While the benefits of SAL are great in improving program reliability, the annotations add substantial notational overhead that can slow down a programmer’s understanding of the code. The simple annotations like _In_ and _In_opt_ are easy enough to read and understand, but as the annotations have become more and more detailed, they have become increasingly opaque and unwieldy, such as _Out_opt_cap_post_count_(c, d) (don’t ask!). For example, this shows up in the RichEdit code base in the function header

 

HRESULT CMathFont::GetMathGlyphVariant (

       PCLSMATHSTYLE  pstyle,          // IN: Math style

       USHORT         gindex,                 // IN: Glyph index

       MATH_EXTENSION extType,      // IN: Extension type

       LONG           lDimension,             // IN: Measurement requested

       USHORT      cMaxComponent,   // IN: Maximum number of glyph components

       BOOL *         pfVariantFound,      // OUT: Returns true iff a variant is found

       USHORT *    pcComponents,       // OUT: # components in resulting construct

       _Out_opt_cap_post_count_(cMaxComponent, *pcComponents)

       USHORT *     piComponents,       // OUT: List of component glyph IDs

       _Out_opt_cap_post_count_(cMaxComponent, *pcComponents)

       LONG *         plOffsets)                 // OUT: List of glyph offsets

 

This function is used to get one or more glyphs used to display the input glyph at a particular size, such as a large integral sign.
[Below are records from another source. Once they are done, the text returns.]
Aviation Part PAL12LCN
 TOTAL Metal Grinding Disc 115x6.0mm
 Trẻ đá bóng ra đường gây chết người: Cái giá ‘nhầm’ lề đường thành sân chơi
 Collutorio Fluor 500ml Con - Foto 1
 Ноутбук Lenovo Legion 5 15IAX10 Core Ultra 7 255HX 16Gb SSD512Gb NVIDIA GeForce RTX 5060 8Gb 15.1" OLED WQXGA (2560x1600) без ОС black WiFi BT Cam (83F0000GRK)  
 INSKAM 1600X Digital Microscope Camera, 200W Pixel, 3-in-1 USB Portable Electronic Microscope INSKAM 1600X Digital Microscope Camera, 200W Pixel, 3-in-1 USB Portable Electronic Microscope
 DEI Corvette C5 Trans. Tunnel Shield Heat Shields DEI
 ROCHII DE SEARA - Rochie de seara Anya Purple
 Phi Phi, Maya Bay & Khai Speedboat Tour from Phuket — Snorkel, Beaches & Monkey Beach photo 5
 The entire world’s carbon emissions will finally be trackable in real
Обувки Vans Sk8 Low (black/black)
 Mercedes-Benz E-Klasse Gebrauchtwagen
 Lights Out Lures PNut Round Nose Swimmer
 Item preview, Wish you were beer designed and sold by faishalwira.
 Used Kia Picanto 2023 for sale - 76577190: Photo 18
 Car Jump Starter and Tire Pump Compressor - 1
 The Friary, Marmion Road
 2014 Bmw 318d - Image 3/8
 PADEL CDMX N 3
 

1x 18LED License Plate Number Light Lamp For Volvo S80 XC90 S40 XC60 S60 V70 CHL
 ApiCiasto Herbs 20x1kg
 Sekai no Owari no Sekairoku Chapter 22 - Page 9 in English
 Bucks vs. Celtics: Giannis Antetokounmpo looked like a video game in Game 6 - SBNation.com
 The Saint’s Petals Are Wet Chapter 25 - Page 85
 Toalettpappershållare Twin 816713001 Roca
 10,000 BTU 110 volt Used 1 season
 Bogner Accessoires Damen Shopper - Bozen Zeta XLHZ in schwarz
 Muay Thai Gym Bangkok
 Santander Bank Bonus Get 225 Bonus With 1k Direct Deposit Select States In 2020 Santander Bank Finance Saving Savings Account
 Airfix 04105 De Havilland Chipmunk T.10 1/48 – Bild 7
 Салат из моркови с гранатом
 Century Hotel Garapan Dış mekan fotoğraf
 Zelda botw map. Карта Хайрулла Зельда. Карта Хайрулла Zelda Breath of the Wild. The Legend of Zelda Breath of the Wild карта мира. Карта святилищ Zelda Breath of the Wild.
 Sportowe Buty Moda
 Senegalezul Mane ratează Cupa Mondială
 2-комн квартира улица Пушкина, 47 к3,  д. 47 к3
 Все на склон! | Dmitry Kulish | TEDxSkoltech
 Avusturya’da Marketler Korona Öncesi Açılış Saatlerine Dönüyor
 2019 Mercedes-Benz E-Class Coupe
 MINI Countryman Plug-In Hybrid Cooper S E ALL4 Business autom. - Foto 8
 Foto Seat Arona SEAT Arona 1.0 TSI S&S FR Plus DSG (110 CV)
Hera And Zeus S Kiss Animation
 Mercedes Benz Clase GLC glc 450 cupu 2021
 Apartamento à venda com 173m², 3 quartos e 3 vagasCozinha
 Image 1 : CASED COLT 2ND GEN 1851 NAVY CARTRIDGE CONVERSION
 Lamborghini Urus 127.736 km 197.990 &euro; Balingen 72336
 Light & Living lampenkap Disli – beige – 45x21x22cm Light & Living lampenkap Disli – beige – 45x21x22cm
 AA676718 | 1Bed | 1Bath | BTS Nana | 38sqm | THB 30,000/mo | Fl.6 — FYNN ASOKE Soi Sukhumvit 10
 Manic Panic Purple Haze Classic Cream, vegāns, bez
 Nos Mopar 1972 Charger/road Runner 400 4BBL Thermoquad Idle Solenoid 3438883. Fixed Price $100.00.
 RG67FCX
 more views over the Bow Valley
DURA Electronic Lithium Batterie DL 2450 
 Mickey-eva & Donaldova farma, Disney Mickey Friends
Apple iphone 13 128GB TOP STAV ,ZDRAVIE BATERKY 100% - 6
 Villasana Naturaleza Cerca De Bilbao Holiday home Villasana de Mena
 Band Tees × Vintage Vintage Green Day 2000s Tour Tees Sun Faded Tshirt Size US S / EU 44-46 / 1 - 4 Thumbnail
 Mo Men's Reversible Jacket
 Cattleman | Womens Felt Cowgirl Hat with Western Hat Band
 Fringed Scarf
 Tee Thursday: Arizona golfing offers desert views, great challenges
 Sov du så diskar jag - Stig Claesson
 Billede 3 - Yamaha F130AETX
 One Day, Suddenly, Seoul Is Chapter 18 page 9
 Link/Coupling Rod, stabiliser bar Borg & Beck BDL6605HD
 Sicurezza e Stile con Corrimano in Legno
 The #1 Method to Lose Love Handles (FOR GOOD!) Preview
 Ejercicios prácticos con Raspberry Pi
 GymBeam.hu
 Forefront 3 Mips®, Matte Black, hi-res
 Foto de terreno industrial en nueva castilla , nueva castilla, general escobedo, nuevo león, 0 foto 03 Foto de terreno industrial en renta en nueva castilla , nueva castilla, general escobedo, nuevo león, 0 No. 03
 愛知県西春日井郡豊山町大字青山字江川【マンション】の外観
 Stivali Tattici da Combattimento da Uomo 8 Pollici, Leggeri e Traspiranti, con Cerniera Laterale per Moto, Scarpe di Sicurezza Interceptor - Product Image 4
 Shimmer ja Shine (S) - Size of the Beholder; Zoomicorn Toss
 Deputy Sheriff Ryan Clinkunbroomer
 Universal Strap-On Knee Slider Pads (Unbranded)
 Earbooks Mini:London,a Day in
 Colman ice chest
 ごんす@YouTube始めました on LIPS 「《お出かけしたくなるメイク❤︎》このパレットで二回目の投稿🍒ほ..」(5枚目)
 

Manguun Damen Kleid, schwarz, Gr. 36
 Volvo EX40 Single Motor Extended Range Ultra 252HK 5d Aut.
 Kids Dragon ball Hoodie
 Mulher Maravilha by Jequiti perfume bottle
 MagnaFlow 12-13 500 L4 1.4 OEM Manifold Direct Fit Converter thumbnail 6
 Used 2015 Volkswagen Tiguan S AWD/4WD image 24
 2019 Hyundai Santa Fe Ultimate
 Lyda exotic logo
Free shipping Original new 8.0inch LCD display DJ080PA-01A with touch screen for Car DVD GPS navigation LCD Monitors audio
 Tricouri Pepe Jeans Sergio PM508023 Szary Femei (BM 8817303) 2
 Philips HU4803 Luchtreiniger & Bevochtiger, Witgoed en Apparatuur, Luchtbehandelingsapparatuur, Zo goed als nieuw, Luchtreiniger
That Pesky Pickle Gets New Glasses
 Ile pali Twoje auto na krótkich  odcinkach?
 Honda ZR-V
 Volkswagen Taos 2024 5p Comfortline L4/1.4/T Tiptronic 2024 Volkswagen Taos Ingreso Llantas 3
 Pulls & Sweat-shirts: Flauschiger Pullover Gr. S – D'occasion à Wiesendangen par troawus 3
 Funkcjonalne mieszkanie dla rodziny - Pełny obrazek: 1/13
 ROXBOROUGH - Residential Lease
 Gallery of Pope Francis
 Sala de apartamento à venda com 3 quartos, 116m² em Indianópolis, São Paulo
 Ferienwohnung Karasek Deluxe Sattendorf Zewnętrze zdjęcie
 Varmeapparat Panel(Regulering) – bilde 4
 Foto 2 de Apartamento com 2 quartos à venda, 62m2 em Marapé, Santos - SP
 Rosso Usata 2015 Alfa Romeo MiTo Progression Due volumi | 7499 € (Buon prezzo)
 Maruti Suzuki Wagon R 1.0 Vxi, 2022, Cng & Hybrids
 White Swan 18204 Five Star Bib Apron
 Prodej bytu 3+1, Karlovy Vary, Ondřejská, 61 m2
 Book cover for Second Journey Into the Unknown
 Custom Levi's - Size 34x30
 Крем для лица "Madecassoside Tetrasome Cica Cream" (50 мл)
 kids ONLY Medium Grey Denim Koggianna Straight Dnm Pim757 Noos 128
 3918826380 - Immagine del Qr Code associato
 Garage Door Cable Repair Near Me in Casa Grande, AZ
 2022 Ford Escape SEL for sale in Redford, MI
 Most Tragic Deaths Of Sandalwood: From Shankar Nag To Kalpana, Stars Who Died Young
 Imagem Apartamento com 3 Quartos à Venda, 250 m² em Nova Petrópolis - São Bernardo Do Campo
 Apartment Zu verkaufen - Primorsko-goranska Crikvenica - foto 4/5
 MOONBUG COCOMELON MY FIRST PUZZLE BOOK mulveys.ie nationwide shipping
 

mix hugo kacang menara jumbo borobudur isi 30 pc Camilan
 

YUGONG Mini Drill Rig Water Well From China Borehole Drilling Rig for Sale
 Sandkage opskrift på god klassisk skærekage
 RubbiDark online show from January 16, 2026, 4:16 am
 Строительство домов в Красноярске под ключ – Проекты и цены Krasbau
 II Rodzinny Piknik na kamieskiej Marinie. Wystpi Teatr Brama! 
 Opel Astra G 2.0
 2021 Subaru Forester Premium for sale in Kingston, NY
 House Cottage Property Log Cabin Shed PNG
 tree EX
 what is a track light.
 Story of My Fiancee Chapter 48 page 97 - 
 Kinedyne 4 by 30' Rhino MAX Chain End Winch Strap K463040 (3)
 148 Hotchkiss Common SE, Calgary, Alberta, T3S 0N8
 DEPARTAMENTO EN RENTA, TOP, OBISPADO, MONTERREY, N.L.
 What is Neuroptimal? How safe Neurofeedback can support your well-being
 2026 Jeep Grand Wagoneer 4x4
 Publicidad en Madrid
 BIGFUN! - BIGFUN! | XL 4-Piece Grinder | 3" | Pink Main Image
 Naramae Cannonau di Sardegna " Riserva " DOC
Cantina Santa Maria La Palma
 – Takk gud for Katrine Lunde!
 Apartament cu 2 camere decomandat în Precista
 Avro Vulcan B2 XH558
One can say that even without the _Out_opt_cap_post_count_(c, d) annotations this is a complicated function prototype, but with the annotations it’s particularly hard to read. And the function prototype is missing SAL annotations for the other argument variables (the comments explain the usage, but the code analysis tools don’t understand the comments).

While the annotations are included primarily for the code analysis tools, they do provide useful information for programmers if they can understand them and they should be available for inspection by programmers. Furthermore a programmer had to add them in the first place. They are not added automatically, although their absence is flagged by the code analysis tools.

So how can we get around this quandary of needing the annotations but not always wanting them staring us in the face? Two additions to the Visual Studio’s C++ editing environment would help: 1) tooltips that explain the annotations in plain English, and 2) the ability to suppress their display. Visual Studio has long been able to collapse/expand the bodies of if() statements. It could similarly provide the ability to collapse/expand the SAL annotations.